Big mistake, senator. Push ahead, Sens. Ben Cardin, Rob Portman, Chuck Schumer and others with this important update of longstanding law.

The BDS movement, as it’s known, seeks to turn Israel into a global pariah, offering the phony excuse of the disputed West Bank. Israel has been willing for a long time to hand over the vast majority of the territory along mutually negotiated borders to full Palestinian rule, as was done with Gaza.

But because Hamas and even a critical mass of supposedly moderate Fatah today cling to the hope that Israel can be eliminated, Israel’s presence there begrudgingly endures.

So offended are a coalition of anti-Israel organizations and nations by Israel’s dogged insistence on defending itself, they want to isolate it — America’s staunchest regional ally, and the Mideast’s one true stable democracy — economically and diplomatically.

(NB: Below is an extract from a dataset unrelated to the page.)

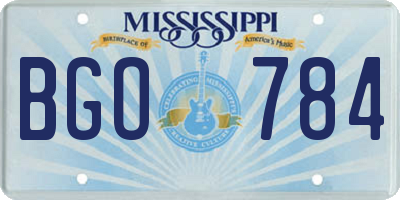MS license plate BGO784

The obscene vilification of this small country, the singling out of it and it alone for such treatment, can only be called anti-Semitic.

Still, anti-Semitism is permitted in America. Any individual or group or company can choose, based on their own beliefs, whether or not to buy from any particular nation.

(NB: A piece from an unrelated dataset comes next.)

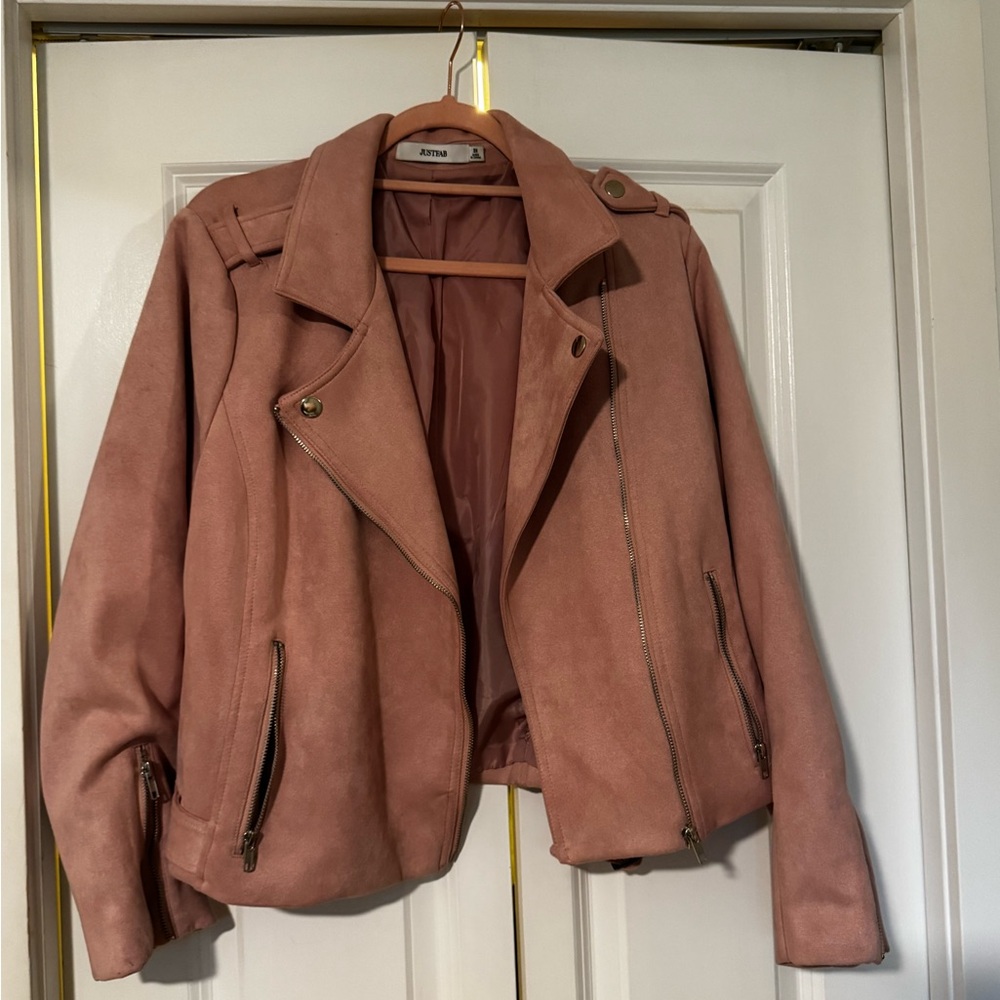 JustFab Blush Leather Jacket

Organize a pro-BDS protest; take out a pro-BDS advertisement; write a pro-BDS Op-Ed.

What is illegal, and has been 1977, is when U.S. corporations essentially conduct their own foreign policy by participating in unauthorized international boycotts organized by foreign countries.

Meaning, if Arab governments, as part of an effort to compile a blacklist of those doing business with Israel, demand U.S. companies report their dealings there, the law would prohibit them from responding. With civil — never criminal — penalties attached.

The law, enforced by the federal Office of Antiboycott Compliance, has been reauthorized several times. It has withstood challenges in the courts. It is wholly constitutional.

The long-overdue tweak would simply clarify that it is not only the Arab League boycott of Israel that can trigger such penalties, but boycotts organized by the United Nations and other multinational groups.

With the UN on the BDS warpath, it couldn’t come at a better time.

Opponents, led by the ACLU, ridiculously claim that the legislation criminalizes free speech. This is false; if it did, how would the BDS movement have thrived on college campuses and elsewhere with the 1977 law on the books? Where are the arrested and imprisoned protesters?

But the liars have made their mark — and now Gillibrand, abandoning a good bill, effectively furthers their fallacious smear. That’s the behavior of a coward, which is surely not how New York’s junior senator wants to be known.